EXERCISE INPUT:

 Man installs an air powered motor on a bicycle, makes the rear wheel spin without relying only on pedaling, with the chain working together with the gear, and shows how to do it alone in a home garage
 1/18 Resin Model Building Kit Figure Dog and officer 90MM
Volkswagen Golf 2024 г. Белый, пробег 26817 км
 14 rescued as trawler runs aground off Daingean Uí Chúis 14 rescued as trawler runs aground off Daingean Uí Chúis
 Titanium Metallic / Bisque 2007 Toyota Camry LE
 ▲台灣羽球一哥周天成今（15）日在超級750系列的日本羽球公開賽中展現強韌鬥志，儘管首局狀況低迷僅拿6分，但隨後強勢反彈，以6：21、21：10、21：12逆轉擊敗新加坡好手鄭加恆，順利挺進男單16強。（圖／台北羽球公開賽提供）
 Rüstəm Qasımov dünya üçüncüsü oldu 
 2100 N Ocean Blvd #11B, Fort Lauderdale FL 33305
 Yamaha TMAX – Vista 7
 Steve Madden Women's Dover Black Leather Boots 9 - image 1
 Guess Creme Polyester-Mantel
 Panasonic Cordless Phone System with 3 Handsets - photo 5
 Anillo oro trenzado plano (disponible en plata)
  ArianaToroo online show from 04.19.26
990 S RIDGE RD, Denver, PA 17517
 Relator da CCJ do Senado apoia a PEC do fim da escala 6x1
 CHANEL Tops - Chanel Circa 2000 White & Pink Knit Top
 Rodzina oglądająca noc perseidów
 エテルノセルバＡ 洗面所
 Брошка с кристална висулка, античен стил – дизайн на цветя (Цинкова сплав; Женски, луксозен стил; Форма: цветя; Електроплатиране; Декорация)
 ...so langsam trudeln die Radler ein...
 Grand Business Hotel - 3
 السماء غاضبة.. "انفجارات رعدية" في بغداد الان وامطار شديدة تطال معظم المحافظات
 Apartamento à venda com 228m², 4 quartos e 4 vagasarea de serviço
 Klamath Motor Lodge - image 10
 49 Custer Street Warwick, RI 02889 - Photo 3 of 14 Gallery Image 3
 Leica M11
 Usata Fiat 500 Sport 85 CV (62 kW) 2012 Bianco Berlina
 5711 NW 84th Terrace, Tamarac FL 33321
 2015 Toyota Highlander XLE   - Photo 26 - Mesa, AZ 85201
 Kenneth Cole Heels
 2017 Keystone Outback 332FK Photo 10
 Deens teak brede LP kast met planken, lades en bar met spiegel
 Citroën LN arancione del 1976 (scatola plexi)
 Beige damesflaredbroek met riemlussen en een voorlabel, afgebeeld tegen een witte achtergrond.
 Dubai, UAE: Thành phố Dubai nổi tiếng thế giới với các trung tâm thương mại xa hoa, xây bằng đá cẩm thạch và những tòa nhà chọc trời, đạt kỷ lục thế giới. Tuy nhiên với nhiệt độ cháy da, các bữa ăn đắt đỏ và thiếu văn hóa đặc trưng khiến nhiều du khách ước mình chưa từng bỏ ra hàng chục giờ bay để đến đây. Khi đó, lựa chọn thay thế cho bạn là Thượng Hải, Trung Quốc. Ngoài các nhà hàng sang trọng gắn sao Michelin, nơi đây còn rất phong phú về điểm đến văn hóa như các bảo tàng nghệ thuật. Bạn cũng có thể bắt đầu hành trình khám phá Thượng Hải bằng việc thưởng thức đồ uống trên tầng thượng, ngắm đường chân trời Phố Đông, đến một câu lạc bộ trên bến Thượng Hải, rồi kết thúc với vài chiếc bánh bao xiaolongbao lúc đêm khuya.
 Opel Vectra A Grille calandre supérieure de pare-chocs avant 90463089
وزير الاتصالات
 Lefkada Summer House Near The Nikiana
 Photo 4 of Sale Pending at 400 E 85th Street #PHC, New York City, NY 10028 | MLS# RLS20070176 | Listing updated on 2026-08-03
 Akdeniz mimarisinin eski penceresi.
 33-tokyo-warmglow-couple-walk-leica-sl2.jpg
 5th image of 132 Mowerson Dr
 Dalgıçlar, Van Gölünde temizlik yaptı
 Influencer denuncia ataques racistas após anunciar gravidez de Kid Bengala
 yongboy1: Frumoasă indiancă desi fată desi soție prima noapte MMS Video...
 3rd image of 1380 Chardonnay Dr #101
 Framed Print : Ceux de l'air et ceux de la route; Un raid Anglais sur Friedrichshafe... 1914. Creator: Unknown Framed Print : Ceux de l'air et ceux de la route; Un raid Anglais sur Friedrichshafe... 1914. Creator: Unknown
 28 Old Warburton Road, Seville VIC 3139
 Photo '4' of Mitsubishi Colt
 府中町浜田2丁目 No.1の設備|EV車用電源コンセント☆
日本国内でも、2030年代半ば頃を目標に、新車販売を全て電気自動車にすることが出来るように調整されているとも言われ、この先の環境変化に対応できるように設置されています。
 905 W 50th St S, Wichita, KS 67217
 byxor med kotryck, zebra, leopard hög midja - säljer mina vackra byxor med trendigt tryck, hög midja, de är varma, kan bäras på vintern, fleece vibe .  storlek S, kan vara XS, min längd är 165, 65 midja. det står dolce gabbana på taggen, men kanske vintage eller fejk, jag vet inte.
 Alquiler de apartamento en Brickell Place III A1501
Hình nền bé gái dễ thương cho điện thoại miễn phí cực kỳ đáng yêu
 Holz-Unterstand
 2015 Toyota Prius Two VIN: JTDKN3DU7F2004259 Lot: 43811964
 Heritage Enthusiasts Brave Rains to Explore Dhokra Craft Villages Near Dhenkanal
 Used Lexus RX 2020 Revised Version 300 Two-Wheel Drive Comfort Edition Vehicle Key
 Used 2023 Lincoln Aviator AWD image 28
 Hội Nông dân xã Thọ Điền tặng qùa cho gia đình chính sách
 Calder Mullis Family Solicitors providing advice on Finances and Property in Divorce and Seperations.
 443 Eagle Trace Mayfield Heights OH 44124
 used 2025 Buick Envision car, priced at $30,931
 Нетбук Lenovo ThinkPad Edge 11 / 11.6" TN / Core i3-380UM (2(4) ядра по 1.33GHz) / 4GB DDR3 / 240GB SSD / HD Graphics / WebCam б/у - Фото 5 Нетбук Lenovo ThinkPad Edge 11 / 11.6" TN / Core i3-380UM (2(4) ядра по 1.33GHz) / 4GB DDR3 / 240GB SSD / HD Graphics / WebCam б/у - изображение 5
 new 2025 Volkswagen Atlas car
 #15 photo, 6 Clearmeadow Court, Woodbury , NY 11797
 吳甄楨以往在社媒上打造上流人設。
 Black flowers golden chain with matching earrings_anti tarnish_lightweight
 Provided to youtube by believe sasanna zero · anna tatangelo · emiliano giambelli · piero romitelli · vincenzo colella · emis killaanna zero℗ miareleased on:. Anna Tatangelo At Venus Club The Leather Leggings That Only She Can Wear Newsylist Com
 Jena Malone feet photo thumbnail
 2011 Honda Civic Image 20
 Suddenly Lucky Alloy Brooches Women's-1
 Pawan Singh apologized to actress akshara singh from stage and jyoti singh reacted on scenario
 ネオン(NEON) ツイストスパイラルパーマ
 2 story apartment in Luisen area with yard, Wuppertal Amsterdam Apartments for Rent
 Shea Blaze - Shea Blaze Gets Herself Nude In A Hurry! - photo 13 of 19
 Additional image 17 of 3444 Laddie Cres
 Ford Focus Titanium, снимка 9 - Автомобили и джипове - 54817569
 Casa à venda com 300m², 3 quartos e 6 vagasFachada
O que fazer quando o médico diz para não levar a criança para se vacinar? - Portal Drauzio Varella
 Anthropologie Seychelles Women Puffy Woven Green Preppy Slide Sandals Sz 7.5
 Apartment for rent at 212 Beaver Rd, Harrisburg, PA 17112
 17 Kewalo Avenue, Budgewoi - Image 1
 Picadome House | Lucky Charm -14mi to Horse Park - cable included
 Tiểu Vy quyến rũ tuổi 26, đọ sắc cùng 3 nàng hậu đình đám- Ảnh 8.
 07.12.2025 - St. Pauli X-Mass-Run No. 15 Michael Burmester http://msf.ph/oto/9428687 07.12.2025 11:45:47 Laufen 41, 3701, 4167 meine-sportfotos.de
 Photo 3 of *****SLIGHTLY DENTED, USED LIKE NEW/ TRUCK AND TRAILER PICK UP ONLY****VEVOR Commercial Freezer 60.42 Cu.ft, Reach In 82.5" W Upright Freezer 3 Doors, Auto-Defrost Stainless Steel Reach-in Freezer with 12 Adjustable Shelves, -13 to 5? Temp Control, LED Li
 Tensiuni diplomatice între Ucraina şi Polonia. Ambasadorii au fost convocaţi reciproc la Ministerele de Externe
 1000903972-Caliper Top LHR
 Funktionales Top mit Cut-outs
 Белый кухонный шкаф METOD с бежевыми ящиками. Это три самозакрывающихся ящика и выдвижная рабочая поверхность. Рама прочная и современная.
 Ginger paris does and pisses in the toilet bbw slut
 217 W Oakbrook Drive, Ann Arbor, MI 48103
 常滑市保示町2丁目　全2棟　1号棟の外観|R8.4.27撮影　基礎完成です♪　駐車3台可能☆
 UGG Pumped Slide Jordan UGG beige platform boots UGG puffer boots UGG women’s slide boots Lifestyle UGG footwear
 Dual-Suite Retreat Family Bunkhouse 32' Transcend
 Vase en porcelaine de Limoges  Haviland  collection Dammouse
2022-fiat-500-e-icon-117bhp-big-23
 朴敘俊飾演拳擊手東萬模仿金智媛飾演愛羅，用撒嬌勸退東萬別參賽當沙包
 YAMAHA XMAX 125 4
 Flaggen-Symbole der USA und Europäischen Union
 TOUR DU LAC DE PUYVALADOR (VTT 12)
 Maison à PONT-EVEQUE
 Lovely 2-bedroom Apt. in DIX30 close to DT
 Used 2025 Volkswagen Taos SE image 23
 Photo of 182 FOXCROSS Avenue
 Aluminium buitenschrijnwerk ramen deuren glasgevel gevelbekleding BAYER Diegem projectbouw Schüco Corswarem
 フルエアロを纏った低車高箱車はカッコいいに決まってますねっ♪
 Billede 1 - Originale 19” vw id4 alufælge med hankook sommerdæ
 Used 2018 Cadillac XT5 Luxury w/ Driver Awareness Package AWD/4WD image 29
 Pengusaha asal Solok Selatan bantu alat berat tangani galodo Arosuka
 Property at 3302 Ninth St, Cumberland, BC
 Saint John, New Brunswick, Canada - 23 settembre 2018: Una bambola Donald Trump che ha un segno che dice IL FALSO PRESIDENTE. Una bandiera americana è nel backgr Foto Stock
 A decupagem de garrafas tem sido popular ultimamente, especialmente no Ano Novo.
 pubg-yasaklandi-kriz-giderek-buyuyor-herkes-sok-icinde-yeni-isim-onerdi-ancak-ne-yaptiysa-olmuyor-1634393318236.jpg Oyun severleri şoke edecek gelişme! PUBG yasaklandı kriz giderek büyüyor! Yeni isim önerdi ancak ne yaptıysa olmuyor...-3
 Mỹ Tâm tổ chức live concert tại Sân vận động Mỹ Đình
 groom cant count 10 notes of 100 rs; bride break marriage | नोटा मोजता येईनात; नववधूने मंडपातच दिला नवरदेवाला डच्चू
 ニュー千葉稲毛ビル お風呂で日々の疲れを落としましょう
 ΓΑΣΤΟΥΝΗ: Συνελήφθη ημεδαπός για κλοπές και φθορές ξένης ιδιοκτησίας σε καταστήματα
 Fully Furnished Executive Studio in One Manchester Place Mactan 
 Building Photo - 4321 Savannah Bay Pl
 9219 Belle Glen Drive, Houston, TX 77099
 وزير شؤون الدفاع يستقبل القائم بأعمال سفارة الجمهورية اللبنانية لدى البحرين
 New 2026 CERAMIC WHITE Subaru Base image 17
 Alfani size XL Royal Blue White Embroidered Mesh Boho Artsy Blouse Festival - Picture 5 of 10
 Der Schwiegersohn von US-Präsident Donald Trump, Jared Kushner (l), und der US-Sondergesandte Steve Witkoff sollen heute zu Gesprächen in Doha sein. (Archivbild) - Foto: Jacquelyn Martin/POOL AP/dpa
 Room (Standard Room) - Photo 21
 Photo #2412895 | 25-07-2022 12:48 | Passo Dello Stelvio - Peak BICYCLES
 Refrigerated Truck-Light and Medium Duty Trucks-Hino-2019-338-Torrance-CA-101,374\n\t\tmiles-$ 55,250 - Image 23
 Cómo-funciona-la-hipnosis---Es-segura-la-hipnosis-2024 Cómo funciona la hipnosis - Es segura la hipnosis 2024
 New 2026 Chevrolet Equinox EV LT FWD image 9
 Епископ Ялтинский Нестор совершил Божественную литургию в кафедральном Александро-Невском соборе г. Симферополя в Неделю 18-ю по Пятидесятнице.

ABOUT THIS EXERCISE:
Lines containing the string "Белый" are the ones to copy from the entries above.

OUTPUT OF THE TASK:
Volkswagen Golf 2024 г. Белый, пробег 26817 км
 Белый кухонный шкаф METOD с бежевыми ящиками. Это три самозакрывающихся ящика и выдвижная рабочая поверхность. Рама прочная и современная.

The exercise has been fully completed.